*Exercise*:
Isolate every line in the data with the string "Space" and copy it.

*Excerpted data*:
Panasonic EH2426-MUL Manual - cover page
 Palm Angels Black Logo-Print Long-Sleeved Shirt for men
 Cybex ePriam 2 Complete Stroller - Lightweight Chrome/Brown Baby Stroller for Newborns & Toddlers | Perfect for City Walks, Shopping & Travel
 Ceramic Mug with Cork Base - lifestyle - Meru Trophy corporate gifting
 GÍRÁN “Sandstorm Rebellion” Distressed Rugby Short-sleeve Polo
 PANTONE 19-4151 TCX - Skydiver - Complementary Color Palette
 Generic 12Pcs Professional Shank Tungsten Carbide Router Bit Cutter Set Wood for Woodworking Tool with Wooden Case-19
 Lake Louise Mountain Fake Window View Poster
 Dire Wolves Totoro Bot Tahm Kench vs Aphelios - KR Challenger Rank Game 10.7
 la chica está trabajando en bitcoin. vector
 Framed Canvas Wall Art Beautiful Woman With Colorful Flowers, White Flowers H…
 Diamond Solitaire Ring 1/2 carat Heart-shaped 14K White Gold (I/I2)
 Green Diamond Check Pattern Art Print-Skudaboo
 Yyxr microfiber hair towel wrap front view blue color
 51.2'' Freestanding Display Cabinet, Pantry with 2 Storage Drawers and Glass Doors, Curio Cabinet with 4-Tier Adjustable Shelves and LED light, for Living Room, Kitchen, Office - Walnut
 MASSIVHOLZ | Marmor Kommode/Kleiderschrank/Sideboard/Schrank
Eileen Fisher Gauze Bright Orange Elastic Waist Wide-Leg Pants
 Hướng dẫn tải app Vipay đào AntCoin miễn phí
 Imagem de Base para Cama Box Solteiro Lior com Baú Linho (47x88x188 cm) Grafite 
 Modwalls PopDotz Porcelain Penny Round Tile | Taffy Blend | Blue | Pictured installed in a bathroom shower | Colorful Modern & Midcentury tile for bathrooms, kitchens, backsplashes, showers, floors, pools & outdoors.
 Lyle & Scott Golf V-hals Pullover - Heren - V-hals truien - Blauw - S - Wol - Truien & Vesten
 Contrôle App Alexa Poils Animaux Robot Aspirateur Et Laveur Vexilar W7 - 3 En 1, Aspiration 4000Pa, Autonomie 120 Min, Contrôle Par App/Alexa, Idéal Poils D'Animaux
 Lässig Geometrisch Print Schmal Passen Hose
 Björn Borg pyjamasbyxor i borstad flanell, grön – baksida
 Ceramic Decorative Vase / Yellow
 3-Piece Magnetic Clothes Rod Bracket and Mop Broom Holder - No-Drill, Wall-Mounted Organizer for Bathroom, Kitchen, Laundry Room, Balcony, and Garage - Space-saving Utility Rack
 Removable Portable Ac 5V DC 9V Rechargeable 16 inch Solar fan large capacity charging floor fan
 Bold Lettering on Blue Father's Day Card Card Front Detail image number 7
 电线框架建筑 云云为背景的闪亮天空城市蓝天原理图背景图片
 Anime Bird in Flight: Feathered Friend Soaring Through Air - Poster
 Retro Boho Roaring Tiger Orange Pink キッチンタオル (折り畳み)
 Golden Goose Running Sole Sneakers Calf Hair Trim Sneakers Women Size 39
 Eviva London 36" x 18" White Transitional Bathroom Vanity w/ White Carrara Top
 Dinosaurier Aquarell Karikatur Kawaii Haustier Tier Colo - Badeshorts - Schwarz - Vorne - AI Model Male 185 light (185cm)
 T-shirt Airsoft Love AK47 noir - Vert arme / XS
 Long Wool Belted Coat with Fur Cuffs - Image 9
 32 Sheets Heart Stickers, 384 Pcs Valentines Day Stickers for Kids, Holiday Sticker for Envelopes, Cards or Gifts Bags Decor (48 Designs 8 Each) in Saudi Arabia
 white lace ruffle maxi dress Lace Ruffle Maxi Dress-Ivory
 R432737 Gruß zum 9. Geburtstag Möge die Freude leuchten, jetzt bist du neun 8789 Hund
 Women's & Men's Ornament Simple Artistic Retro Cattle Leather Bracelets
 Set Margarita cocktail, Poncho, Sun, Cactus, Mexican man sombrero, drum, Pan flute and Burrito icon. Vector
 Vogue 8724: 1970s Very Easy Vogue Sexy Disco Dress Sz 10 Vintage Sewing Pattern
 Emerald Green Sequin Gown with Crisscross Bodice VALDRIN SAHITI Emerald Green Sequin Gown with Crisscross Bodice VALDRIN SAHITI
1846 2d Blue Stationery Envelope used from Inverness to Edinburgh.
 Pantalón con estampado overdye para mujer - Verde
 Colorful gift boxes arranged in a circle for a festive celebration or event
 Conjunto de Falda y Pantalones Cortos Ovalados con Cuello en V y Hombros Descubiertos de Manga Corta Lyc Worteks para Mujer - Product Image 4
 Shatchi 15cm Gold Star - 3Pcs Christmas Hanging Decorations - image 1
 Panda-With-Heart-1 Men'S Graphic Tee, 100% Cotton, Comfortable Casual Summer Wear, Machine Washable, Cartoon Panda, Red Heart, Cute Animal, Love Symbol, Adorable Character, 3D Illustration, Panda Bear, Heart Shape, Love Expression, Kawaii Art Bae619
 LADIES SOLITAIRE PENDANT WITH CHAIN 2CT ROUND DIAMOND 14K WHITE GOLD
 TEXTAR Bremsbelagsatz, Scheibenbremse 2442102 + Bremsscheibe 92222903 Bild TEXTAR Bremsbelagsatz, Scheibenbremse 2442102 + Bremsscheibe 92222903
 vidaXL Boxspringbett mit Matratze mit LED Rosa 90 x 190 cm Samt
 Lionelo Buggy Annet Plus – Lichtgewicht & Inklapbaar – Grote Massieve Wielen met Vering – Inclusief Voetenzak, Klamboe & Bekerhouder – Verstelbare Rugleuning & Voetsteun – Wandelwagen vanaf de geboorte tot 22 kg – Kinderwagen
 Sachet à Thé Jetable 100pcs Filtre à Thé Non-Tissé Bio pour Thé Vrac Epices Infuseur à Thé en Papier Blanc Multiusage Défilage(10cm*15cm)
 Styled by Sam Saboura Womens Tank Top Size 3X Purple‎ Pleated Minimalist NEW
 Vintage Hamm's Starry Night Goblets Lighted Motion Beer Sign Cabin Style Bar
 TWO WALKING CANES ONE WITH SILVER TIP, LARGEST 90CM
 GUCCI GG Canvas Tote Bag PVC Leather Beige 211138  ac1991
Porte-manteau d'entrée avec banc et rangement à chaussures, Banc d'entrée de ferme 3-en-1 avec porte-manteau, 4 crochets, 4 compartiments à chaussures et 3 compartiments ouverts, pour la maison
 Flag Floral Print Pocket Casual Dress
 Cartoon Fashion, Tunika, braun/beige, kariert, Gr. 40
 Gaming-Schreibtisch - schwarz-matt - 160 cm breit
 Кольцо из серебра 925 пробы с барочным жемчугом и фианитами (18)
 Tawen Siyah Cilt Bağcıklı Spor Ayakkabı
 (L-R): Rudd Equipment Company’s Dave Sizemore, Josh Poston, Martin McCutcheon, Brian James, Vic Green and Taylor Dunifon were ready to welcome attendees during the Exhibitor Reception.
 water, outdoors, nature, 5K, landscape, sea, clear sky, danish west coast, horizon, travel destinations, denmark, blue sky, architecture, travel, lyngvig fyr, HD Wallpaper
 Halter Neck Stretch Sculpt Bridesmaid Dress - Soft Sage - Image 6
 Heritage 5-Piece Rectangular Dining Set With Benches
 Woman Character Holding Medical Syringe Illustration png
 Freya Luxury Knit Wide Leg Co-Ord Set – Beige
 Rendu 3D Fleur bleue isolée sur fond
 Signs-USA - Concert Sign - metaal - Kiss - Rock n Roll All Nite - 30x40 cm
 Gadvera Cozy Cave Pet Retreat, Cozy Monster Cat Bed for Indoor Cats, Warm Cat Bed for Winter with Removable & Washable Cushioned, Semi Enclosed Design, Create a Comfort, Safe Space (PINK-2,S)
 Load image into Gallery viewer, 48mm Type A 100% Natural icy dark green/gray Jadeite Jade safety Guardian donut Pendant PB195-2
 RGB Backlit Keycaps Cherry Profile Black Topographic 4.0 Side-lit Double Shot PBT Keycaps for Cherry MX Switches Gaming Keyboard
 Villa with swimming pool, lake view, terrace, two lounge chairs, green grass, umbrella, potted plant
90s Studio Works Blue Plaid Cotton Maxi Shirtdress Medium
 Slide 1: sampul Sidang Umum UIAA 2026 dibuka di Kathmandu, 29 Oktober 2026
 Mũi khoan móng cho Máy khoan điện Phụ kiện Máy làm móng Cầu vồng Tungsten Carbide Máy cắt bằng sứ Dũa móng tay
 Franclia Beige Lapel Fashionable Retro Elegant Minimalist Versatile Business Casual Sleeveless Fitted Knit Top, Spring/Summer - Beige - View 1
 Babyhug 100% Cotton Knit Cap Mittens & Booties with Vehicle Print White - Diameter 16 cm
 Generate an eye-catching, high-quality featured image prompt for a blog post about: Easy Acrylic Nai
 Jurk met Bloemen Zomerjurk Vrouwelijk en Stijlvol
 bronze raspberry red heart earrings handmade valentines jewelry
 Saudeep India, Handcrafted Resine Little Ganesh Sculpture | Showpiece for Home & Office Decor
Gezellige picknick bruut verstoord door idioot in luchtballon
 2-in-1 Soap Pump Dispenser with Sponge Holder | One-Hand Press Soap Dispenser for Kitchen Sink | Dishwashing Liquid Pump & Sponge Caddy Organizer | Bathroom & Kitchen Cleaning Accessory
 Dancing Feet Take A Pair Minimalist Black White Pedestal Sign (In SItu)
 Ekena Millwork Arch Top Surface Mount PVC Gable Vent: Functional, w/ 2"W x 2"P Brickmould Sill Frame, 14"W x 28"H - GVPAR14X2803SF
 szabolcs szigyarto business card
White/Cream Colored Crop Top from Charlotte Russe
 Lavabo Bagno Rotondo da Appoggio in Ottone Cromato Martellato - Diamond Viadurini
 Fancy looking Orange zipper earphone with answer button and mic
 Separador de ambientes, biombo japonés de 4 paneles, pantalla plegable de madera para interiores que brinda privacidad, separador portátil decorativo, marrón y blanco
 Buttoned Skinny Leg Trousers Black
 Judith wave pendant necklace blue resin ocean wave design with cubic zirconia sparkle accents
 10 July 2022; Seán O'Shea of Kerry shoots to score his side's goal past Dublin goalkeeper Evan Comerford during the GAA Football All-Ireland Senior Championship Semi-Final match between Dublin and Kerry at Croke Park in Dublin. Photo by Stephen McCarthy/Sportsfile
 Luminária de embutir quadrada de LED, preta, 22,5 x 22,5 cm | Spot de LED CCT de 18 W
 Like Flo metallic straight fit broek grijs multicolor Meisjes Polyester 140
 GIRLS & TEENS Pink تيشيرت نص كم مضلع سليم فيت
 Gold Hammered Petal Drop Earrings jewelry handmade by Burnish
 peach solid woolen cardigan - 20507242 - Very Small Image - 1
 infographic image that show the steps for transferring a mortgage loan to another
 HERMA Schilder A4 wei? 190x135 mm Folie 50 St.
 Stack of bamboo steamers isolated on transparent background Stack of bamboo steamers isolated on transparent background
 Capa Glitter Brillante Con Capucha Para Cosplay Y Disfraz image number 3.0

*Answer for this exercise*:
 3-Piece Magnetic Clothes Rod Bracket and Mop Broom Holder - No-Drill, Wall-Mounted Organizer for Bathroom, Kitchen, Laundry Room, Balcony, and Garage - Space-saving Utility Rack
 Gadvera Cozy Cave Pet Retreat, Cozy Monster Cat Bed for Indoor Cats, Warm Cat Bed for Winter with Removable & Washable Cushioned, Semi Enclosed Design, Create a Comfort, Safe Space (PINK-2,S)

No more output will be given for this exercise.